A robot arm has been selected to remove all safety, financial and time issues. In this early stage, a robot arm can easily prove the functionality and the concept of a cleaning robot. Thereby also providing the following solutions to our safety issues:

  • Is not affected by the vapours of the degreasing agents
  • Does not require replaceable safety equipment
  • Could be more time efficient
  • Reduces human errors

The technical solutions we came up with can be described as followed:

  • Cleaning tool: A pad is designed which uses the same material as was conventionally used. A tray has been designed where the tool can be picked and placed if replacement is required.

  • Grease detection: A “Blackbox” that has a mounted camera with lighting inside has been designed. The camera will create an HSV image of the tool which can filter out certain colours and light densities. When a certain percentage of oil/grease is detected, the robot will get a signal to replace the cleaning tool.

  • HMI/Communication: An HMI with all cleaning functions is provided. Python is used to let the robot communicate with the HMI and vision modules.

  • Distributing the solvent: The distribution is done by the use of pneumatics. The nozzle has two knobs that can be adjusted to change the ratio of air and solvent. The solvent will be sprayed on the part.


  • Fixing the part: Pneumatic suction cups are used to hold the aircraft part in place.

  • Part orientation: Aruco/QR markers are placed besides the part. Images are taken and are stitched to create a one image. An HSV filter is used to filter out the background. The contour of the part is detected. Along this contour multiple coordinates/waypoints are generated. Each point is provided with a vector which is perpendicular to the part, this represents the tool orientation. To decrease inaccuracies and increase consistent cleaning of the part, a force controller is used.



There were many difficult decisions that our team had to make to come up with this end result.

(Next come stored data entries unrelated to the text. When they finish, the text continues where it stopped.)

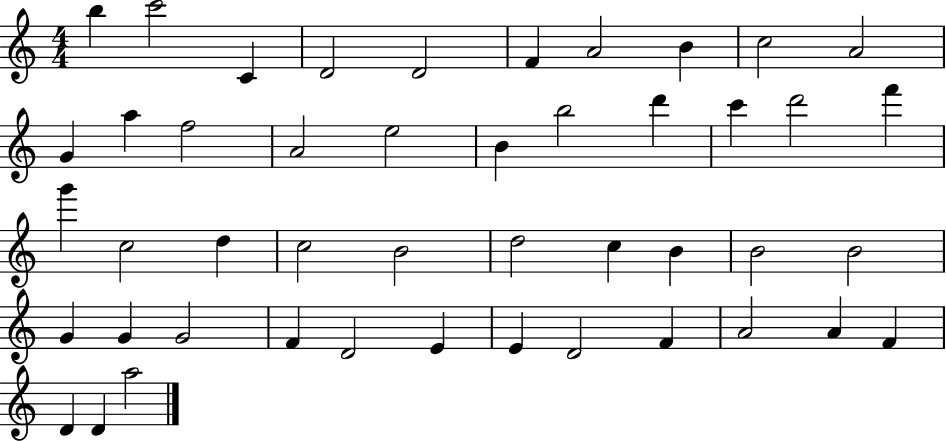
{
  \clef treble
  \numericTimeSignature
  \time 4/4
  \key c \major
  b''4 c'''2 c'4 | d'2 d'2 | f'4 a'2 b'4 | c''2 a'2 | \break g'4 a''4 f''2 | a'2 e''2 | b'4 b''2 d'''4 | c'''4 d'''2 f'''4 | \break g'''4 c''2 d''4 | c''2 b'2 | d''2 c''4 b'4 | b'2 b'2 | \break g'4 g'4 g'2 | f'4 d'2 e'4 | e'4 d'2 f'4 | a'2 a'4 f'4 | \break d'4 d'4 a''2 | \bar "|."
}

  • EOAT design: Multiple EOAT concepts have been made. However these concepts seemed quite complex and not feasible. This resulted into a simple tool which worked fine to prove the concept. For later stages it might be interesting to test other solutions such as laser cleaning or adding rotating or vibrating components.
  • Lighting for vision applications: Currently, the lighting condition at SAMXL is unpredictable. This affects the current vision systems. It is suggested to use controlled lighting and background colours for future applications. Also more professional camera’s will increase the accuracy of the image detection.
  • Path following: Automated path generation leads to the detection of multiple shapes/parts, but also requires finetuning for each part individually. It is a nice feature, however for later stages hardcoded paths will be more suitable since all aircraft parts have a fixed location.



All the issues that were found at the start of this project have been provided with a viable solution. According to a series of tests on an actual aircraft part, we can conclude that the robot efficiently cleans the bonding surface of an aircraft part. The robot can detect whether its cleaning tool requires to be replaced to ensure the cleaning quality. Due to the image recognition it is possible to detect other shapes as well. However if these parts need to be cleaned, they require some additional tuning before the program can run. Since all issues have been solved we can conclude that the proof of concept for a degreasing robot has been a success.


We would like to thank our supervisor Jan Baan for his great input to this project. Jan is really creative, and experienced as we have noticed and it has been great working with him throughout the whole project. Also we would greatly like to thank SAM|XL for using their facilities and tool during this project. Besides that, we would like to thank Mathijs van der Vegt, Guus Paris and Thijs Brilleman for their technical support and feedback.